Problem to work on
Exactly the lines from the opening of the data through the line containing "هل هتبالغ لما" should be reproduced, please, with nothing added.

=== Working data ===

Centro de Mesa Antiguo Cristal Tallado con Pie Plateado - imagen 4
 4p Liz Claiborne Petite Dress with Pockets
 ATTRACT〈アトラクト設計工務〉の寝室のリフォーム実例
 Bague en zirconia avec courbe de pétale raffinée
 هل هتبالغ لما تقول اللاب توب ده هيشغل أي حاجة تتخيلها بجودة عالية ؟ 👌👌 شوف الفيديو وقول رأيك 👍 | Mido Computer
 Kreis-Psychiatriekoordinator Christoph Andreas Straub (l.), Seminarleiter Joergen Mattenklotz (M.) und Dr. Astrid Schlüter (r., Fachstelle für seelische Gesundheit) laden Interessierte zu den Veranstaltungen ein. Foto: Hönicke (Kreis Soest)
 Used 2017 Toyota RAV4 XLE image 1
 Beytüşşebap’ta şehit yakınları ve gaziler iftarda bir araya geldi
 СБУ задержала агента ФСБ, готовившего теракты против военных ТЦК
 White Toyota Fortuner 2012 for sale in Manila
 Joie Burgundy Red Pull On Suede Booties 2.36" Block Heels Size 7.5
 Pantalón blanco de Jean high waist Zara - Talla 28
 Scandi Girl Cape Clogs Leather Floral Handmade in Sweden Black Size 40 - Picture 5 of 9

===

Answer section
Centro de Mesa Antiguo Cristal Tallado con Pie Plateado - imagen 4
 4p Liz Claiborne Petite Dress with Pockets
 ATTRACT〈アトラクト設計工務〉の寝室のリフォーム実例
 Bague en zirconia avec courbe de pétale raffinée
 هل هتبالغ لما تقول اللاب توب ده هيشغل أي حاجة تتخيلها بجودة عالية ؟ 👌👌 شوف الفيديو وقول رأيك 👍 | Mido Computer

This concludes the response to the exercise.